WHAT NEEDS TO BE DONE:
Retype the lines below exactly, but only those from the line that has "Billet Specialties Win" through the line that has "purple rose single". Omit every picture.

====

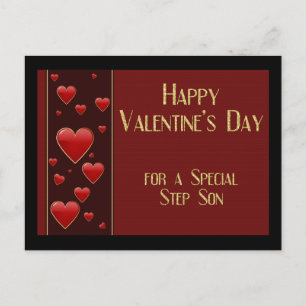 Carte postale Step Son Valentine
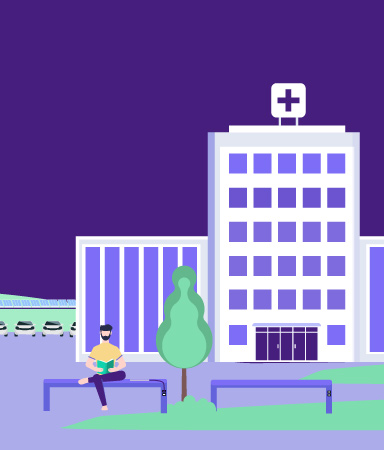 sustainable parking Mateu Orfila Hospital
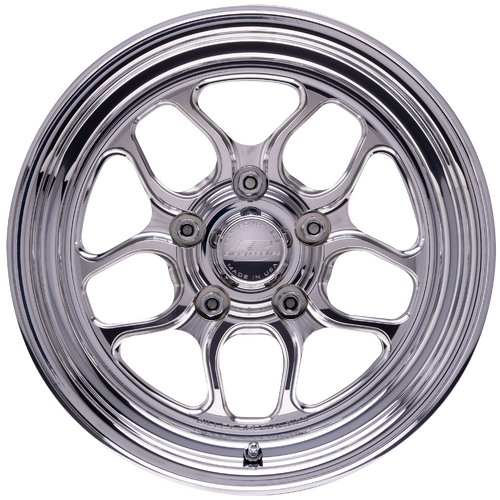 Billet Specialties Win Lite Wheel, 15x15 in., 5x4.5 Bolt Pattern, 4.5 in. Backspace, Polished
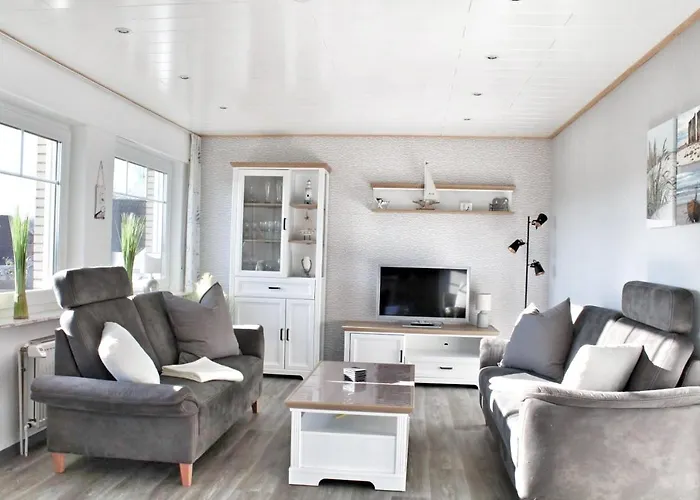 Nordsee Anker Unsere Moderne 87 Qm Mit Zwei Schlafzimmer In Ortsteil Ostermarsch * ノルデン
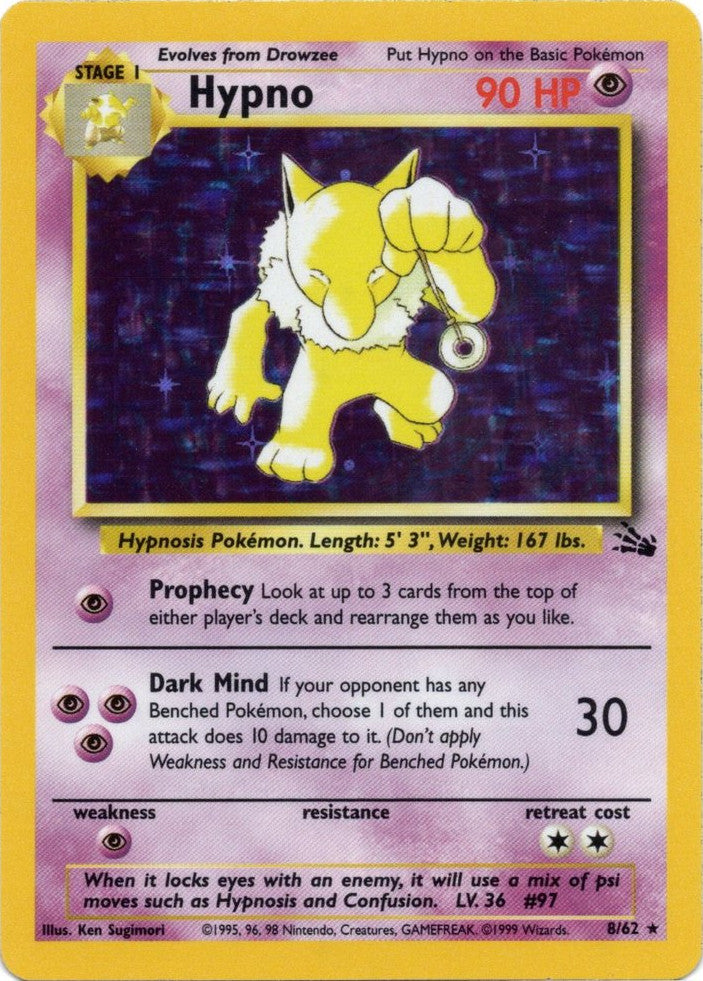 Hypno (8/62) [Fossil Unlimited] - Evolution TCG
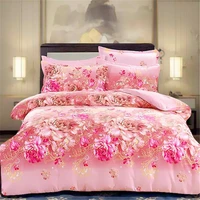 purple rose single piece multi size sheet duvet cover pillowcase pattern bedding set bedding single person double quilt cover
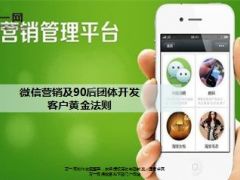 分享微信营销及90后团体开发26页.ppt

====

RESPONSE:
 Billet Specialties Win Lite Wheel, 15x15 in., 5x4.5 Bolt Pattern, 4.5 in. Backspace, Polished
 Nordsee Anker Unsere Moderne 87 Qm Mit Zwei Schlafzimmer In Ortsteil Ostermarsch * ノルデン
 Hypno (8/62) [Fossil Unlimited] - Evolution TCG
 purple rose single piece multi size sheet duvet cover pillowcase pattern bedding set bedding single person double quilt cover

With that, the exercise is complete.